I'm also happy because I did 2 loads of laundry. Tomorrow I'm going to finish the final load. I'm also happy, that I'm finally writing in my journal and letting you know my day and document this journey. I want to start riding more often so that I can keep up with what I'm doing everyday.

So let me go ahead and talk about my week. My week first started off with Mike stealing my sister's brand new never been used before bicycle, that she has one in a ticket raffle in November on Thanksgiving Day. I had no idea that he would do this but I'm glad that I got to cut him off. It's pretty crazy that he decided to burn a bridge with me so quickly even though I had motivated him to go get the job that very day. We got into a big argument. And he talked very badly about me Tristan. But I'm okay with that, because I look at it like this... One day he's going to ask me if I'm hiring! LOL! Even his girlfriend got in on it because he wouldn't stop writing me and texting me stupid shit, so I sent her a text message and I guess he still wants to be with him but that's not my problem anymore now is it? LOL. She even as low as trying to diss my new business venture and that I'm not making any money but at least I'm making moves is how I see it. And I'm not trying to raise or take care of a grown man but I will probably grow and raise my business. Checkmate!

But enough about them. Today we're going to go to a resort with my sister is holding Messiah birthday staycation in Kissimmee. They're all supposed to be going swimming and I hear that there is a water park on the property so that should be fun and interesting and all the kids. We had to stay back because comma I had to wash clothes. Butt we will see them tomorrow and hopefully there's cake involved. LOL! Anywho comma yesterday I did his hair for him. I braided it really nice. He is the biggest pain in the butt when he's getting his hair done. But I love him and I love it. His hair turned out so nice. I found a picture on Instagram and did a remake of it and it turned out extremely phenomenal. I'm so proud of myself!

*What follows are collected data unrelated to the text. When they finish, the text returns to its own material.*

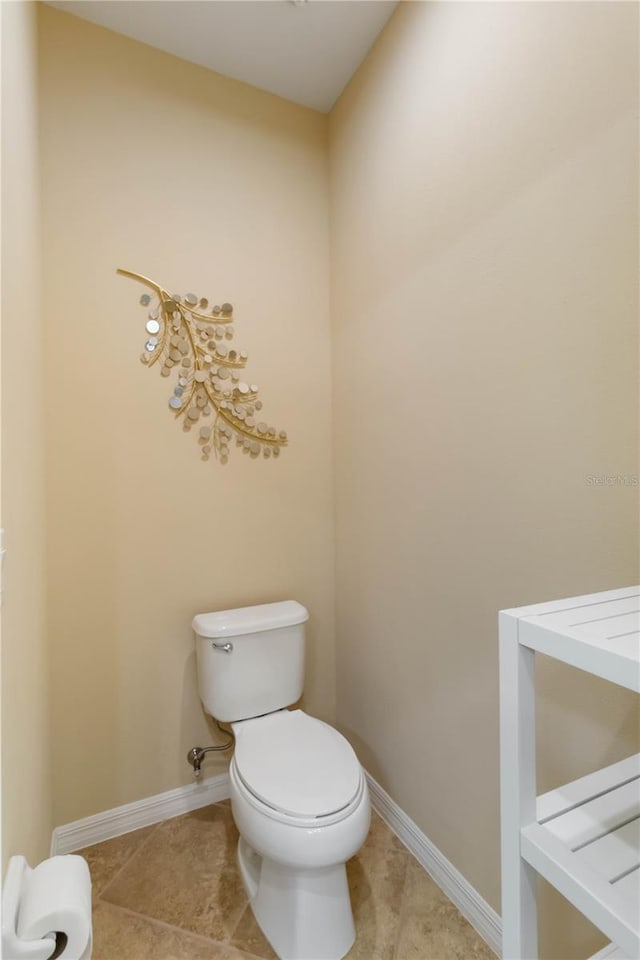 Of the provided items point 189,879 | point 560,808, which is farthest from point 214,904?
point 560,808

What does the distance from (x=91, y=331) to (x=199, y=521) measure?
74cm

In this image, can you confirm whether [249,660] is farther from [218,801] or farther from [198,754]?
[218,801]

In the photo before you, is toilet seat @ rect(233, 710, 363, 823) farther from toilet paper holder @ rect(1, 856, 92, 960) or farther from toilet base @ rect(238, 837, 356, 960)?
toilet paper holder @ rect(1, 856, 92, 960)

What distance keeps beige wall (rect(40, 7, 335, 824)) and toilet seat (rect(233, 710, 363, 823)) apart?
1.32 feet

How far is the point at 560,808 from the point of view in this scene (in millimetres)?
612

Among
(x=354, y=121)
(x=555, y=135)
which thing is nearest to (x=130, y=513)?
(x=555, y=135)

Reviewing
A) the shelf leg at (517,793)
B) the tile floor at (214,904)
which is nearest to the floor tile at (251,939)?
the tile floor at (214,904)

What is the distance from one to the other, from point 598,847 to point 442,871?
1.00 m

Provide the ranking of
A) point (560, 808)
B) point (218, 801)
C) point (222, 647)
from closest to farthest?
point (560, 808)
point (222, 647)
point (218, 801)

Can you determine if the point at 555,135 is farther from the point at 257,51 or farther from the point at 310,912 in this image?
the point at 310,912

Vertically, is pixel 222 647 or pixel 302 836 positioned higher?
pixel 222 647

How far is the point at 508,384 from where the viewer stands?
1.06m

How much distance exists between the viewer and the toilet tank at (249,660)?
148cm

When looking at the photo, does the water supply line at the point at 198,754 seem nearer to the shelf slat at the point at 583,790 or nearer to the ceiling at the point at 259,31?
the shelf slat at the point at 583,790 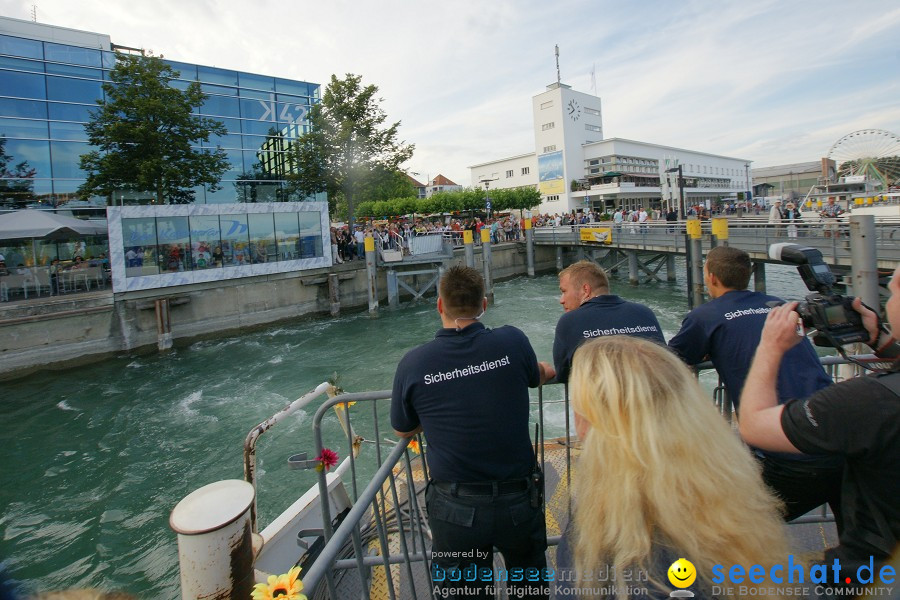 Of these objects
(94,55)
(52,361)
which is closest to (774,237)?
(52,361)

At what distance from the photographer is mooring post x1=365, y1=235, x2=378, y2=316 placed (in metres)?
21.9

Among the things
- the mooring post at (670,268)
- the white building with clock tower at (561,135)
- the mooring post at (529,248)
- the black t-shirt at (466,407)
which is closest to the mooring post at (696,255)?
the mooring post at (670,268)

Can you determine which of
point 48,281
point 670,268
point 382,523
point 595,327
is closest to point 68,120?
point 48,281

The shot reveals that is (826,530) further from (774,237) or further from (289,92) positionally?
(289,92)

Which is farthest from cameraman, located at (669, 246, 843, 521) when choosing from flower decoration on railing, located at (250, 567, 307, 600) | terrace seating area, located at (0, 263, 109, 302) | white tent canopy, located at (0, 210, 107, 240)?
terrace seating area, located at (0, 263, 109, 302)

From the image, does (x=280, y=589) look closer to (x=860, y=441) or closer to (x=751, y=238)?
(x=860, y=441)

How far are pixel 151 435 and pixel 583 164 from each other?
6286 centimetres

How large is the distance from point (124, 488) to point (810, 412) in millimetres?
9841

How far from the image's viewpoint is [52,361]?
621 inches

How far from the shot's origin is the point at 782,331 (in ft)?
5.95

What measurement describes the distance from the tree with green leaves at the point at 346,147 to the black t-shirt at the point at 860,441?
2670 centimetres

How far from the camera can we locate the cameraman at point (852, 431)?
1.41 meters

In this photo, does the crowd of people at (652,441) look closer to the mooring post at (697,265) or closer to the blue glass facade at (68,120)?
the mooring post at (697,265)

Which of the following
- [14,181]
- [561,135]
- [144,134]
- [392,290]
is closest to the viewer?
[144,134]
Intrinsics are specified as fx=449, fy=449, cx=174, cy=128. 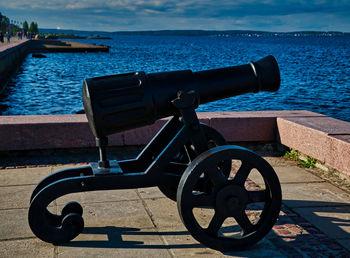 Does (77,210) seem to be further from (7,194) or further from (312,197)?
(312,197)

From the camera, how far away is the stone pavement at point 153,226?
3330 millimetres

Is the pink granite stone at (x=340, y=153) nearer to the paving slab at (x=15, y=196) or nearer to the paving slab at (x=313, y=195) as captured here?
the paving slab at (x=313, y=195)

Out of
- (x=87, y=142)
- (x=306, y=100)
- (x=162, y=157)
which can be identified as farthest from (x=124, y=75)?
(x=306, y=100)

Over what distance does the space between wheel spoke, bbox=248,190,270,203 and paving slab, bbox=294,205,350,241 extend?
0.66 meters

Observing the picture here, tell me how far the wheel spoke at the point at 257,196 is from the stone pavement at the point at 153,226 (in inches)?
13.1

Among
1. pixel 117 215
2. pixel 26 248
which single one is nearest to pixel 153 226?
pixel 117 215

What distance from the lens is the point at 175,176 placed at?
3.59 m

What star just been hanging out with my Madre my son at my sister's house and now we're getting ready for bed. Well Tristin is already asleep now it is my turn. Goodnight.

Friday, June 10, 2016

But God

One thing about me i never blame anyone for my problems. Even this year of getting stabbed in the back left to right, helping people out when I barely got it to give, but I learned from it. I take full responsibility of where my life sways and goes. if you say you're going to help, i expect you to do it whole heartedly. While betrayal has been evident in my life as of late, I refuse to be bitter! Everything happens for a reason and when it's all said and done I literally don't need a hand clap from noone. God's Will be done, and I won't stop doing what I can for others. Always grateful and humble,  I'll pat my own self on the back and keep pushing.

Tuesday, May 31, 2016

I'm me.

I'm just me. I won't apologize for that. I try my best. My efforts are my gems. And I won't let anyone tell me my efforts aren't good enough. In the end it's the thought that counts. My old student creed comes to mind:

I AM SOMEBODY


I am responsible for my behavior, the results of my behavior and what I become in life.
Life does not accept excuses. I won't give any.
I will not let my need to be accepted by the gang keep me from doing what is right.
I AM SOMEBODY!
I am unique. There never has been and never will be another person like me.
I don't have to pretend to be something that I am not.
I AM SOMEBODY!
Losers let it happen - winners make it happen.
Therefore, when faced with a mountain, I will not quit!!

I will keep on striving until I climb over, find a pass through,
tunnel underneath, or simply stay and turn the mountain into a gold mine!
I will do my best! I know I can!
I AM SOMEBODY!!!

Diary entry 05/31/16 7:40a

"Subconscious - In psychology, the subconscious is the part of consciousness that is not currently in focal awareness."

Something I've been thinking about lately, is subconscious good or just plain ol evil. For the past couple of years I have been desperately researching about "The Secret " to getting your hearts desires, but for me it feels like it has only set me back. My true hearts desire is to be happy and wealthy, my children happy and we'll off, stability, but as soon as I think I'm getting somewhere I get knocked back down. I'm consistently at Rock bottom but I work so hard. I'm thankful for all that I have. But I seek elevation. To be taken seriously.